Bay Ridge’s community board will not support any of the authority’s proposals to improve cross harbor shipping, because all the plans would burdens on the neighborhood, but the Port Authority can’t say how great those burdens could be.
“Looking at the different alternatives, it does seem like we’re going to be the hub,” said Community Board 10 transportation committee chairwoman Jaynemarie Capetanakis at a March 16 meeting. “It’s something that could potentially change the fabric of the community, so until we have more specific information, we cannot endorse anything at this time.”
The authority has floated 10 different plans to bring more cargo directly across the harbor from New Jersey into Brooklyn, by rail or boat. But every proposal makes use of the 65th Street Rail Yards, and could bring anywhere between a dozen and several hundred trucks to the area on a daily basis.
Port Authority representatives haven’t been able to answer residents’ questions about where the trucks would be going, how much noise trains would make, or how far their vibrations will travel.

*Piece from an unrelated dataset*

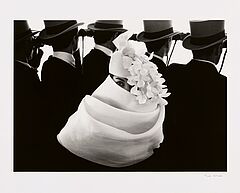 Frank Horvat - Givenchy Hat A For Jardin des Modes, 82008-1093, Van Ham Kunstauktionen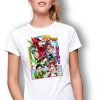 Playera Dan Da Dan Okarun Momo Anime Unisex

A cross-harbor rail tunnel could be the most disruptive infrastructure project in Bay Ridge since Bob Moses plowed under 800 homes and businesses to build a ramp for the Verrazano-Narrows Bridge, board members said.
“This is probably the biggest thing this community has ever faced,” said CB10 chairman Brian Kieran.
The board filed a formal response to the Port Authority’s plans on March 19 — endorsing no proposal but singling out five it would like the authority to investigate further in subsequent impact studies — two options for floating cargo across the harbor, two tunnel options, and doing nothing at all.
But the committee is leaning toward the cheapest alternatives that would bring the fewest number of trucks to Bay Ridge.
“Looking over the five float choices, two stood out for us — rail car float and truck float — which present the lowest tech and the lowest cost and make the best use of the systems available,” Capetanakis said.
Residents are split on whether the they support the Port Authority’s push to bolster cross-harbor shipping, but many consider it a fait accompli that the Authority will enact some plan. But not longtime board member Allen Bortnick — architect of the “Bortnick Plan” to enhance pedestrian safety at the intersection of 86th Street and Fourth Avenue — who suggested the Port Authority 86 the tunnel plan and instead entice truckers to use existing crossings by lowering tolls overnight.
Other board members said that plan would create problems of its own, including necessitating a staging area where trucks could wait out the higher-toll peak hours.
A Port Authority spokesman said the authority is not considering new plans.
The bi-state agency stopped collecting public comment on its plans on March 20, and it plans to use the responses it received to pare down its list of proposals before a deeper environmental-impact review of the remainder this summer, according to a Port Authority spokesman.